Né le 25 février 1919 à Saint-Louis du Sénégal, le célèbre intellectuel et homme politique sénégalais a obtenu le baccalauréat en 1938 et est allé poursuivre des études supérieures en France, où il a été confronté à la Deuxième Guerre mondiale. Abdoulaye Ly fut le premier Sénégalais à obtenir un doctorat d’Etat en histoire. Sa thèse avait pour titre : “L’évolution du commerce français d’Afrique noire dans le dernier quart du XVIIe siècle : La compagnie du Sénégal de 1673 à 1696’’. Cette thèse et les multiples travaux qu’il mènera plus tard le positionnent comme une figure éminente de l’histoire de la traite négrière. “Son œuvre déblaie le terrain aux travaux d’éminents chercheurs comme Samir Amin, Boubacar Barry, Abdoulaye Bathily, entre autres’’, rappelle un document distribué lors de la cérémonie.

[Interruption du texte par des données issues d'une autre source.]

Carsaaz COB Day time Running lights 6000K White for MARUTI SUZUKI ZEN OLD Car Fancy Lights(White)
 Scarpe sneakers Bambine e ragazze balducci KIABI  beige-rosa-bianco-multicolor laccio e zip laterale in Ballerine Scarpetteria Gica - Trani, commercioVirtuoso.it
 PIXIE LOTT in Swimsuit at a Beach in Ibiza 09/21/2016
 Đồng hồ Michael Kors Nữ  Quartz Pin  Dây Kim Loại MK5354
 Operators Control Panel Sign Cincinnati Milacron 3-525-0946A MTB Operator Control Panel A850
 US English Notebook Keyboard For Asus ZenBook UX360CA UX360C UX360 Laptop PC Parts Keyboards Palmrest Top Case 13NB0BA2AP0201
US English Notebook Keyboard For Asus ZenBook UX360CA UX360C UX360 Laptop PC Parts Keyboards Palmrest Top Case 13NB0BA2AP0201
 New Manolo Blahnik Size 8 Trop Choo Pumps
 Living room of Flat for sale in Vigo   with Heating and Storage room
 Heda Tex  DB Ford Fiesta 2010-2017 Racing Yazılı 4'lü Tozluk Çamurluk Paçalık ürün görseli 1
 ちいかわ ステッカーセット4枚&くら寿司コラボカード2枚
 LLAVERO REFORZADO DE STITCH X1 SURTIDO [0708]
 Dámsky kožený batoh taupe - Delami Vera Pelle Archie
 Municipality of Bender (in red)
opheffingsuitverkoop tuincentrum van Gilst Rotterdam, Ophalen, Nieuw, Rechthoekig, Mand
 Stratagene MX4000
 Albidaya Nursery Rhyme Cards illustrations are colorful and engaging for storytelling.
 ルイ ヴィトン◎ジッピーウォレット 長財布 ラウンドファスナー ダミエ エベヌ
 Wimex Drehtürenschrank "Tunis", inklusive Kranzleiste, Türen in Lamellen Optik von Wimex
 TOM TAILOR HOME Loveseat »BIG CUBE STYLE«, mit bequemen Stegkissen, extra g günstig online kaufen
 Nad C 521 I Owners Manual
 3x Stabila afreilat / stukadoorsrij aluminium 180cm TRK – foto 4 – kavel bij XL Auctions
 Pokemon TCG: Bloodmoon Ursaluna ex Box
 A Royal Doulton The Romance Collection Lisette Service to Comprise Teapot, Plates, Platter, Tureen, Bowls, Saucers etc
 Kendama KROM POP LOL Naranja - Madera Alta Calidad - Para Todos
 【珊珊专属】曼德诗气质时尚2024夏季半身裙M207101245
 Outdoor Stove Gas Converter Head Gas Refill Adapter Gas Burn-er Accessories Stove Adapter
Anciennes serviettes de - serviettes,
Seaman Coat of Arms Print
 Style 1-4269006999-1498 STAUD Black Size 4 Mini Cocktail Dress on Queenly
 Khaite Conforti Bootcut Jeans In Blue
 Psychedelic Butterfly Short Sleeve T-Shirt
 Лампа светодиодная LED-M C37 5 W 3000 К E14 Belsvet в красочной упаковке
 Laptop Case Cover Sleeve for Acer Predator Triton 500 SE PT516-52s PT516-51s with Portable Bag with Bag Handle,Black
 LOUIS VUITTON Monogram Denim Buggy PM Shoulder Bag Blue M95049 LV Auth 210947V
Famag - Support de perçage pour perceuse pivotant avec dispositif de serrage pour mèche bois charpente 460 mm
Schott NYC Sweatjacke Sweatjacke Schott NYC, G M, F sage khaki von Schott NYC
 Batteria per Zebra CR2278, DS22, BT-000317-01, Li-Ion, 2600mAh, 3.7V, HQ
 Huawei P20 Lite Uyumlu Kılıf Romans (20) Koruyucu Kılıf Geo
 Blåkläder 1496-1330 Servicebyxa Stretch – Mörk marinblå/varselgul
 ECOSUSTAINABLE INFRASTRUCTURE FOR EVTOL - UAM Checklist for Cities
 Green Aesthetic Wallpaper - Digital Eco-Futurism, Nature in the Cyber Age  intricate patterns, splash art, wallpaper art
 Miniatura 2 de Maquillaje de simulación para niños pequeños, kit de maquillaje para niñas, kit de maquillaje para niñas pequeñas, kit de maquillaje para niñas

Sa carrière politique fut marquée par un militantisme idéologique et anti-impérialiste, au sein du Groupement africain de recherches économiques et politiques et de la structure chargée de l’animation de la Fédération des étudiants d’Afrique noire. De retour au Sénégal, Abdoulaye Ly adhère au Bloc démocratique sénégalais avant de fonder le Parti pour le regroupement africain Section Sénégal en 1958, avec des camarades. Plus tard, en 1966, il adhère à l’Union progressiste sénégalaise. Abdoulaye Ly s’est retiré ensuite de la vie politique et du gouvernement sénégalais au début des années 1970. “Son expérience politique et son ancrage dans la gauche font d’Abdoulaye Ly une figure emblématique pour les jeunes générations sénégalaises de gauche des années 1980. Il a cheminé, de 1982 à 1992, avec le parti And Jëf’’, rappelle le document. “Ses idéaux sur le plan intellectuel et politique se confondent en ayant pour dénominateur commun un inlassable engagement pour l’émancipation des peuples africains. Idéaux qui se reflètent sur les préoccupations majeures de la vie et de l’œuvre de l’homme’’, ajoute la même source. Le professeur Abdoulaye Ly a dirigé la section histoire de l’Institut fondamental d’Afrique noire, qui sera rattaché plus tard à l’université Cheikh-Anta-Diop. Il fut fondateur et conservateur du Musée historique de l’Afrique-Occidentale française de Gorée, puis directeur adjoint de l’IFAN en 1955. L’universitaire fut ministre de la Production (1957-1958), puis de la Santé (1966-1970).